Web page caption snippets ▸
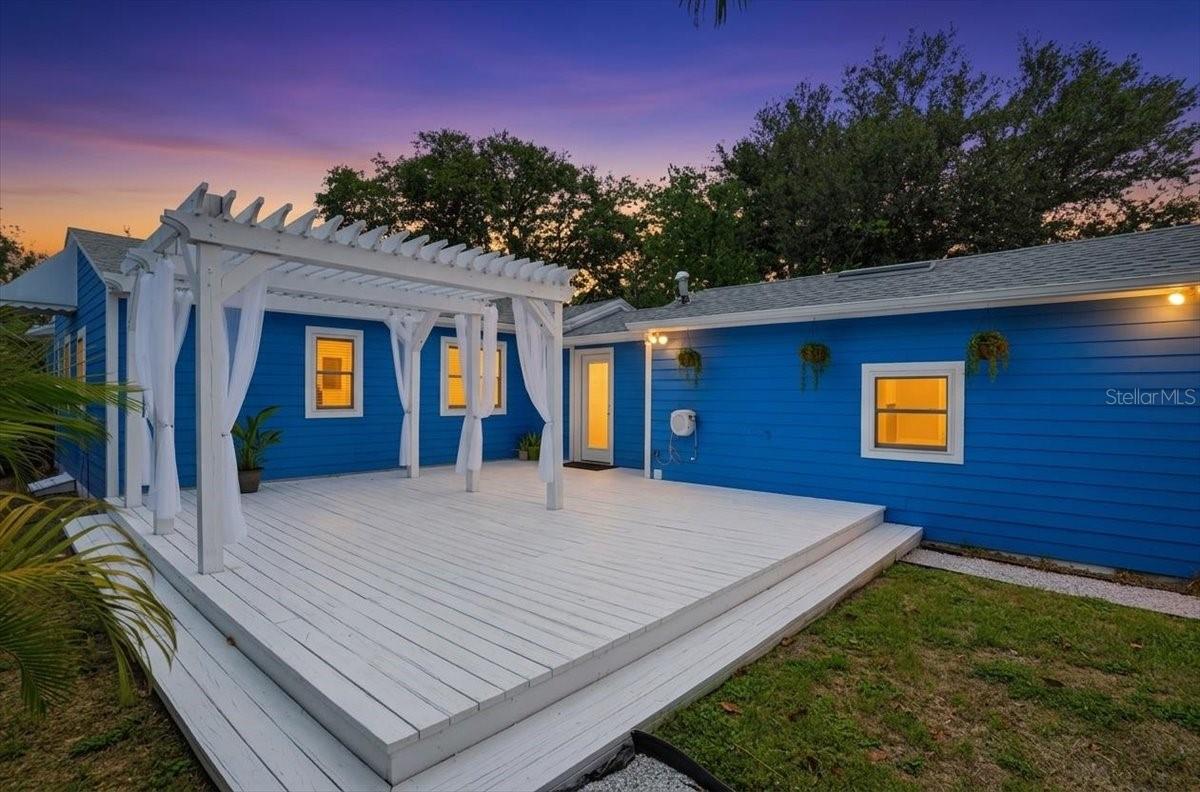 3145 8TH AVE N, ST PETERSBURG, FL, 33713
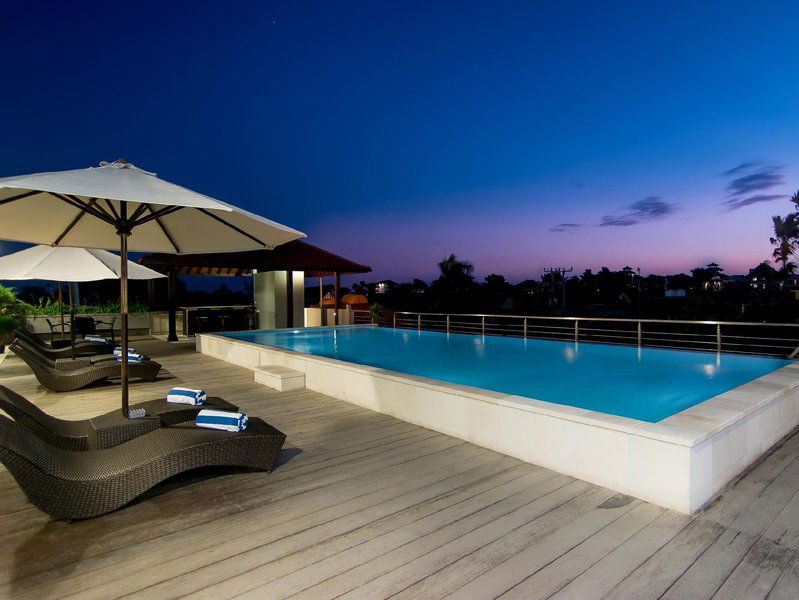 Seminyak Square Hotel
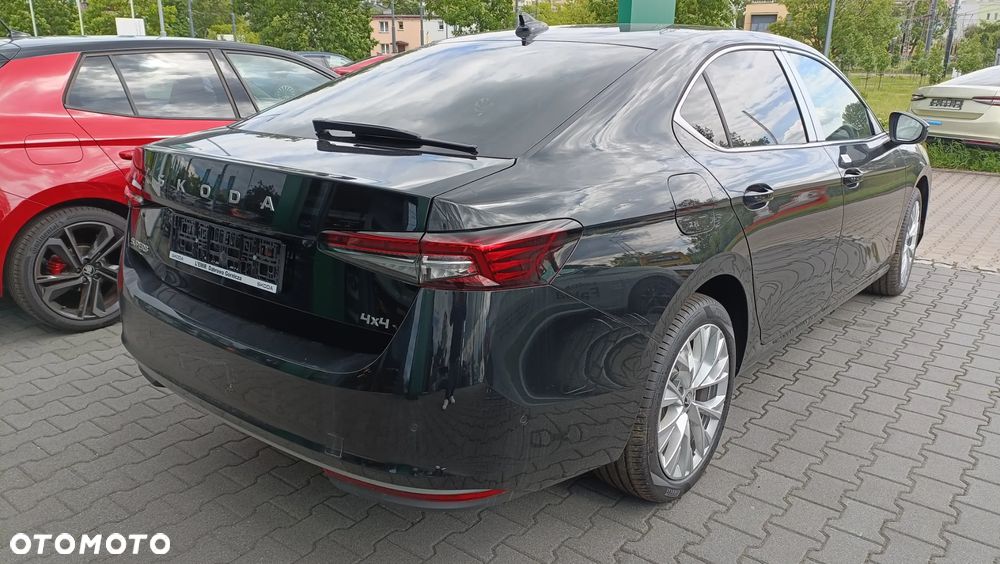 Skoda Superb 2.0 TDI SCR 4x4 L&K DSG - 3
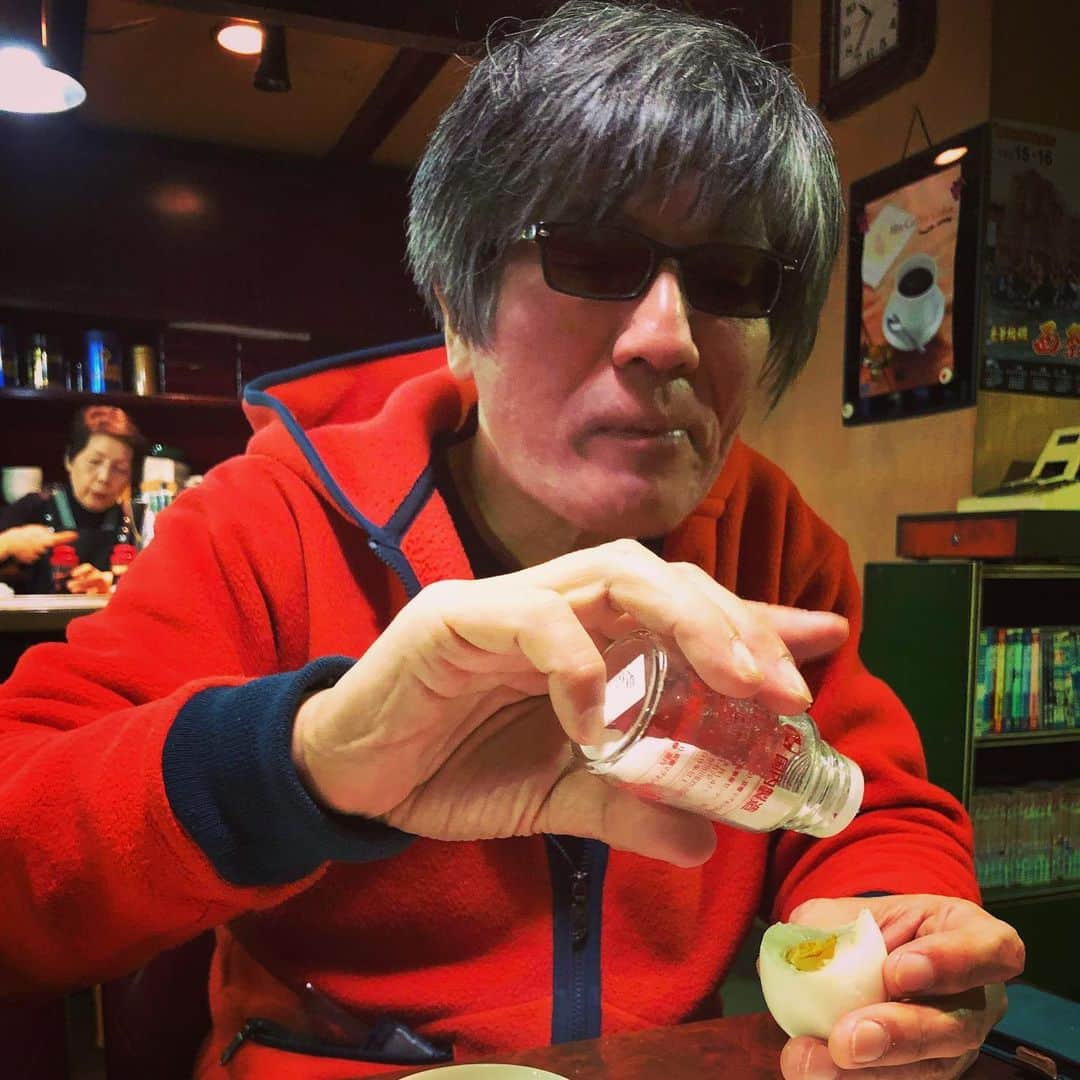 山川のりをのインスタグラム：「急な話っすが、6月25日に那覇のスモークにて山川のりをライブあります。21時/21時30分、投げ銭です。お近くの方々会いにきてくださいませ。その他たくさんライブ決まってます。詳しくはguitarpanda.netのライブスケジュールで調べてくださいませ。では、また会う日まで！」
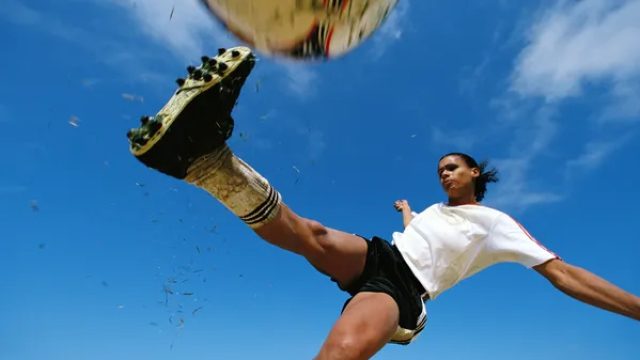 Transforming Fan Engagement: The Impact of AI and Smart Tech in Sports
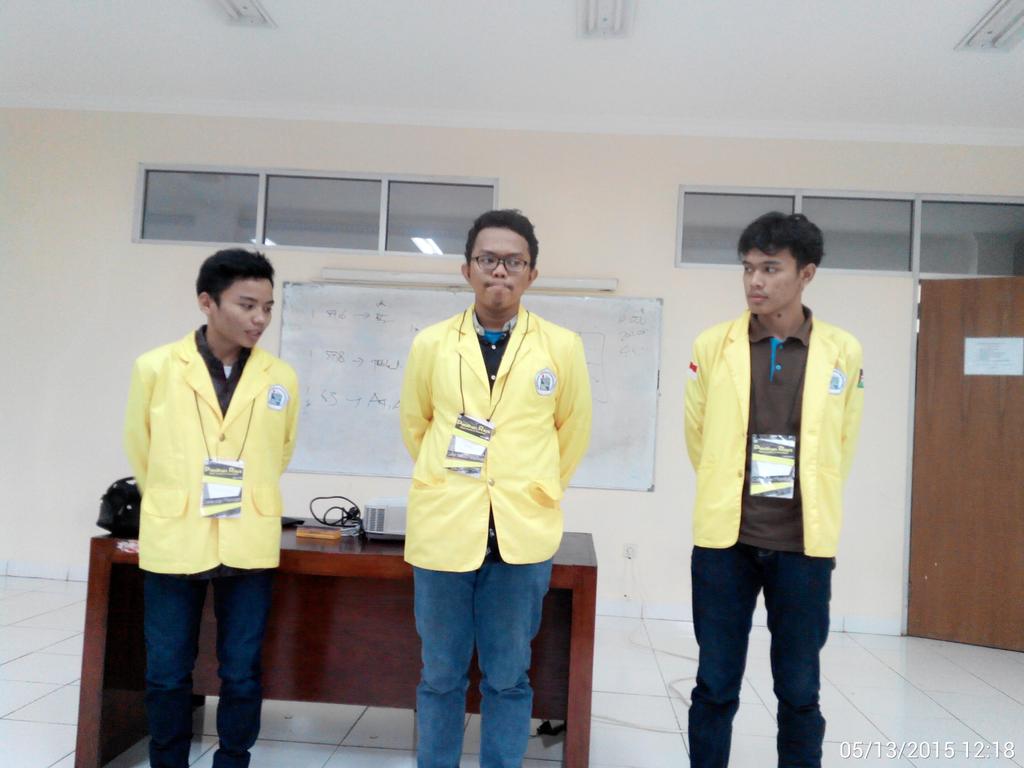 PemiraTGP_2015's tweet photo. Naah inilah dia Kandidat cakahim nomor 2, dengan kedua campaign managernya http://t.co/oyCViBLLWy
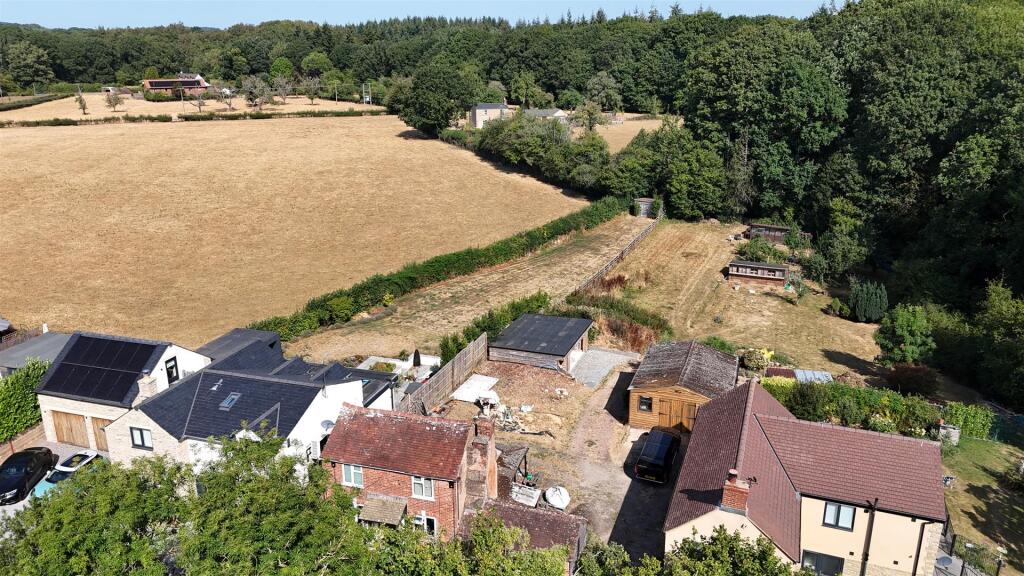 Main image of property: Gorsley, Newent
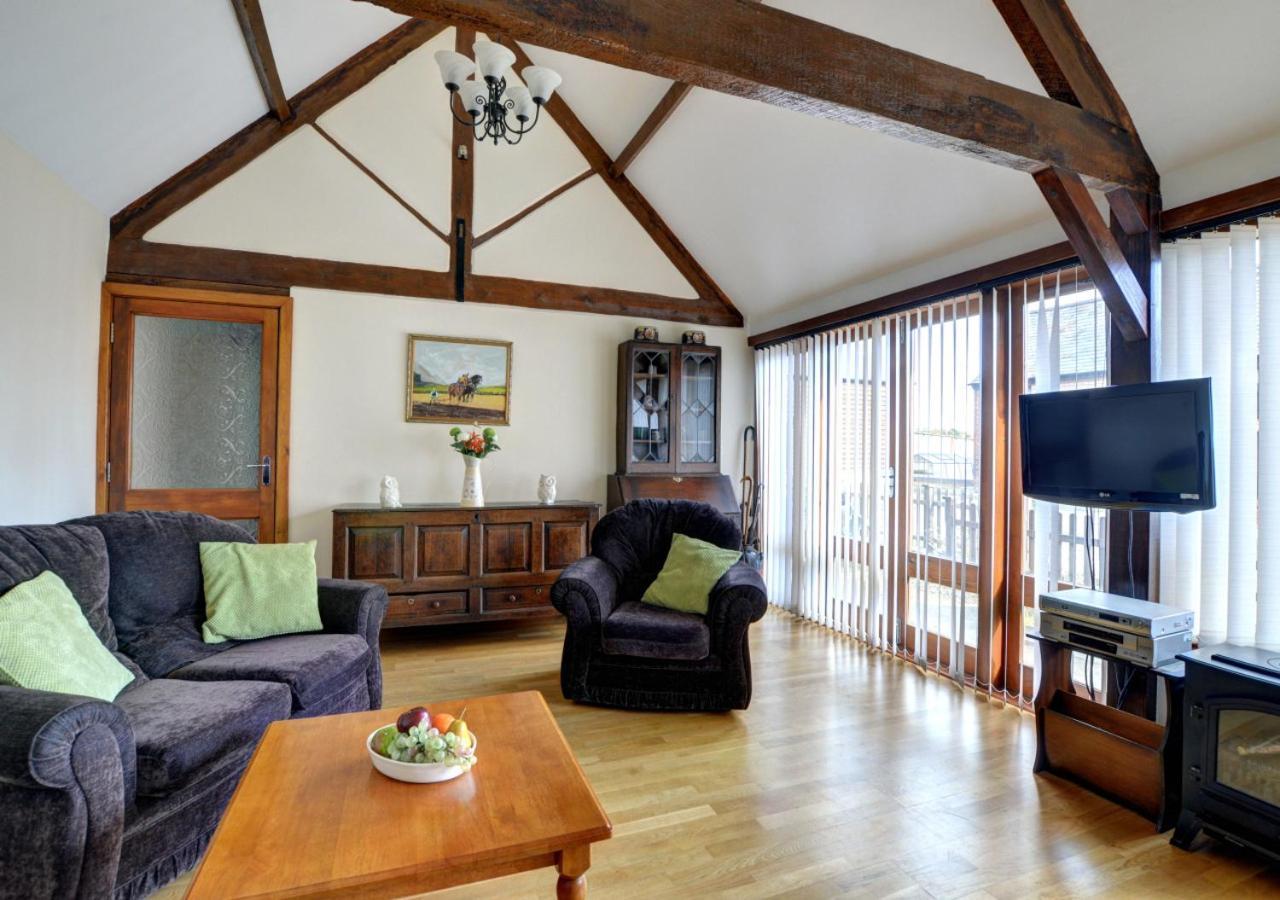 Barn 1 Villa Berriew Eksteriør billede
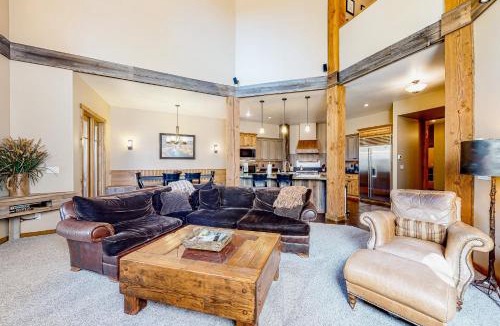 McCall House | BOTHR Steelhead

Task directions ▸ Using the records above, output an exact copy without any pictures.

Answer to this exercise ▸
 3145 8TH AVE N, ST PETERSBURG, FL, 33713
 Seminyak Square Hotel
 Skoda Superb 2.0 TDI SCR 4x4 L&K DSG - 3
 山川のりをのインスタグラム：「急な話っすが、6月25日に那覇のスモークにて山川のりをライブあります。21時/21時30分、投げ銭です。お近くの方々会いにきてくださいませ。その他たくさんライブ決まってます。詳しくはguitarpanda.netのライブスケジュールで調べてくださいませ。では、また会う日まで！」
 Transforming Fan Engagement: The Impact of AI and Smart Tech in Sports
 PemiraTGP_2015's tweet photo. Naah inilah dia Kandidat cakahim nomor 2, dengan kedua campaign managernya http://t.co/oyCViBLLWy
 Main image of property: Gorsley, Newent
 Barn 1 Villa Berriew Eksteriør billede
 McCall House | BOTHR Steelhead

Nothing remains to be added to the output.